I am looking for the mistake in the reasoning below, which I just cannot find.
A book has this nice proof of
$$\sin(x) = x\prod_{n=1}^\infty \left(1-\frac{x^2}{n^2\pi^2}\right)$$
Then the authors proceed to get an infinite product for $\cos(x)$ as
$$\cos(x) = \frac{\sin(2x)}{2\sin(x)} = \prod_{n=1}^\infty \left(1-\frac{4x^2}{(2n-1)^2\pi^2}\right)$$
As this part isn't elaborated, I guess the authors imply that we should just write down infinite products for $\sin(x)$ and $\sin(2x)$ and note that every $n$th element in $\sin(x)$ is also present in $\sin(2x)$ at $2n$, so only odd numbered elements will stay in $sin(2x)$ resulting in the formula.

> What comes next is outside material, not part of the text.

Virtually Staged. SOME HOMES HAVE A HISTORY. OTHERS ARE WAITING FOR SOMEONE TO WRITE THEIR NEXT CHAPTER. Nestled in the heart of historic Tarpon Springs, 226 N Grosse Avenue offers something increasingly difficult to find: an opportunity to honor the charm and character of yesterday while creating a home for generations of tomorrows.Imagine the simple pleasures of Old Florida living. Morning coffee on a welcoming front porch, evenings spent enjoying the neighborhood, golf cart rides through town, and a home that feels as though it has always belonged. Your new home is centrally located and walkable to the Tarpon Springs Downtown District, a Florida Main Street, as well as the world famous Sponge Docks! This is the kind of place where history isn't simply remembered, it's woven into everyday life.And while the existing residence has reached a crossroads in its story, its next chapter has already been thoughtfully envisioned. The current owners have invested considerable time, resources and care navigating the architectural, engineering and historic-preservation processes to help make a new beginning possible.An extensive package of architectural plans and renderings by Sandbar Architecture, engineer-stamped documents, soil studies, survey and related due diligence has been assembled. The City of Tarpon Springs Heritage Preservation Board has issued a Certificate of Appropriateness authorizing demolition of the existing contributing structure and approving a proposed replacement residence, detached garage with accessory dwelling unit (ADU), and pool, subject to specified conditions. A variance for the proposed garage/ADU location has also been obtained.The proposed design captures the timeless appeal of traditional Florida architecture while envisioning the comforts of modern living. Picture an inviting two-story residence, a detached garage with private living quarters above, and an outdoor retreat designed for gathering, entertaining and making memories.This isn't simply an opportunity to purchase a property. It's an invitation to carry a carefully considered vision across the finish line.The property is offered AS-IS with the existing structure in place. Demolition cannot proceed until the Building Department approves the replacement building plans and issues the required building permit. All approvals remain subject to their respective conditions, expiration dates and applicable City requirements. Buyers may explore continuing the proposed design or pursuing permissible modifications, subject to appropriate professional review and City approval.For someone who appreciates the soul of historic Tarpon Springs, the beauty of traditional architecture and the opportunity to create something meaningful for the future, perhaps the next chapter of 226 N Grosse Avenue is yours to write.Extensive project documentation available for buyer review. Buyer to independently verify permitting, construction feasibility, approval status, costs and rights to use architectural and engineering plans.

Now, what gives me a hard time, is when I rewrite $\sin(x)$ as
$$\sin(x) = x\prod_{n=1}^\infty \left(\frac{n^2\pi^2-x^2}{n^2\pi^2}\right)$$
And then do the division
$$\cos(x) = \frac{2x\prod_{n=1}^\infty(\frac{n^2\pi^2-4x^2}{n^2\pi^2})}{2x\prod_{n=1}^\infty(\frac{n^2\pi^2-x^2}{n^2\pi^2})} = \prod_{n=1}^\infty\frac{n^2\pi^2-4x^2}{n^2\pi^2-x^2}$$
and as the following sets {$n, n=1,2,…$} and {$2n, n=1,2,…$} are both countable then there is a bijective transformation from one set to another, meaning that again every $n$th element in the denominator corresponds to $2n$th element (this time multiplied by $4$) in the numerator and we will be left with
$$\prod_{n=1}^\infty[4((2n-1)^2\pi^2-4x)]$$
which (obviously) diverges.
I really cannot figure out the place where I made the mistake or maybe I used an illegal operation at some point, but as of this moment everything seems fine to me. I have thought maybe I somehow reordered the product, but in this case it converges absolutely, so reordering shouldn't change the limit. I also thought maybe I was wrong about infinite fraction reduction, but then again, seems like the authors use the same technique, also it doesn't contradict any law known to me. At this point I've become a bit paranoid about every operation used in the process, so please forgive me for possible stupid thoughts. Would be much appreciated if somebody pointed out the mistake.
Best Answer
You are considering a convergent product $$p=\prod_{n=1}^\infty\frac{x_n}{y_n}$$ such that, for every $n$, $$x_{2n}=4y_n\tag{$\ast$}$$ Can we use $(\ast)$ to get another formula for $p$? Well, not so easily...
To see why, let us remember that $p$ is defined as the limit of $$p_k=\prod_{n=1}^k\frac{x_n}{y_n}$$ when $k\to\infty$. Now, considering the even indices to simplify the notations and using $(\ast)$, one has $$p_{2k}=\prod_{n=1}^k\left(x_{2n-1}x_{2n}\right)\prod_{n=1}^{2k}\frac1{y_n}=\prod_{n=1}^k\left(x_{2n-1}(4y_{n})\right)\prod_{n=1}^{2k}\frac1{y_n}=\prod_{n=1}^k\left(4x_{2n-1}\right)\prod_{n=k+1}^{2k}\frac1{y_n}$$ hence the simplification you suggest is equivalent to omitting the products $$\prod_{n=k+1}^{2k}\frac1{y_n}$$ Since, in the present case, these products do not converge to $1$ (by far...), forgetting them is illicit.